Buddha figure holding an empty bowl

Reducing our consumption of plastics takes a reevaluation of our drive for material consumption in general.  How did we come to play into the powerful marketing message of more is better?  Who gave us the right to squander valuable resources in order to satisfy our craving for more stuff?   Are you ready to take your power back, find peace, and practice the art of living with less?
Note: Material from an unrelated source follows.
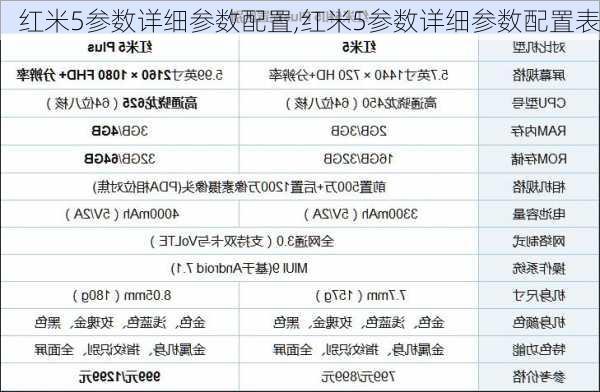 红米5参数详细参数配置,红米5参数详细参数配置表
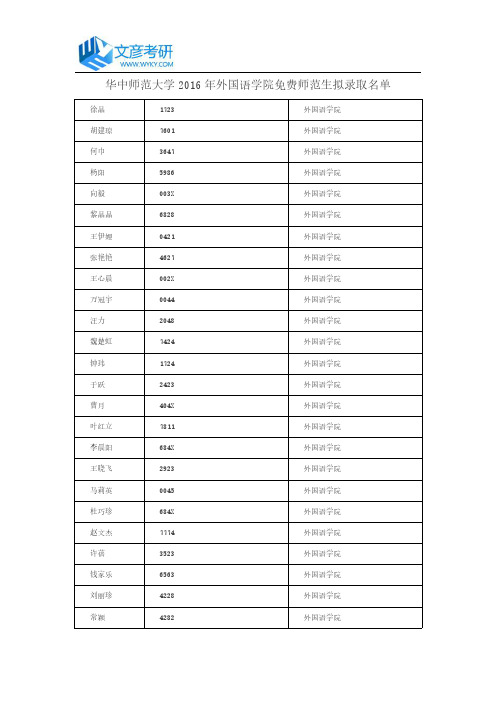 华中师范大学2016年外国语学院免费师范生拟录取名单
Anyone who knows me well is familiar with my cycles of getting rid of stuff.  I often find myself thinking a cluttered house is a cluttered mind, as every item in our home competes for our attention.  We have a designated space in our house to place donation items.  We periodically go through our belongings and weed out those things which haven’t been used in some time.  If it hasn’t been used in 6 months or a year, it usually goes.  That isn’t to say we have a perfectly tidy home.  If you stop by our house, you may see my son’s trains scattered on the living room floor or dishes on the counter waiting to be washed.  Having two small children, we have our share of disorganization.  To keep clutter at bay, we keep the amount of our possessions in check.  When you own less stuff, you have less to clean and maintain.  That seems logical and easy enough to put to practice, right?  Not necessarily.  We live in a society that is always pushing us to believe that buying more stuff will increase our level of happiness.  If anything, collecting more possessions seems to have the opposite effect.  Each time you bring an item into your home, you become responsible for its maintenance and ultimately its disposal.  It is easy to become burdened by all of this stuff.  I find that the answers to many of life’s questions can be found reflected in nature.  Referring to animals, Walt Whitman wrote, “Not one is dissatisfied, not one is demented with the mania of owning things, not one kneels to another, nor to his kind that lived thousands of years ago.”  When we stop measuring our value based what others have or think, we become free.  You aren’t a better person for wearing the latest fashion trends, owning a larger flat screen than your neighbor, or for buying your kids more toys.  I don’t see anything wrong with buying something new, but buy it for you and not to meet other people’s expectations of what you should like.  At our house, we try to follow the rule of “one in, one out”.  That is, when one new thing comes into the house, one thing must go out.

If decluttering is new to you, I suggest that you start small.  If you purge too much too quickly, you are likely to rebound with a shopping spree.  Take it slowly and start with one drawer or one room.  Allow yourself time to unlearn what you’ve been taught as a consumer.  Letting things go might feel uncomfortable at first if you’ve given them too much power in your life.  You are not what you own.  Your value isn’t based on the things you possess.  Your memories live in you, not in your things.  I’ll end with a quote by John December, author of Live Simple, “Take the attitude that you will live in the world, rather than accumulate parts of it.”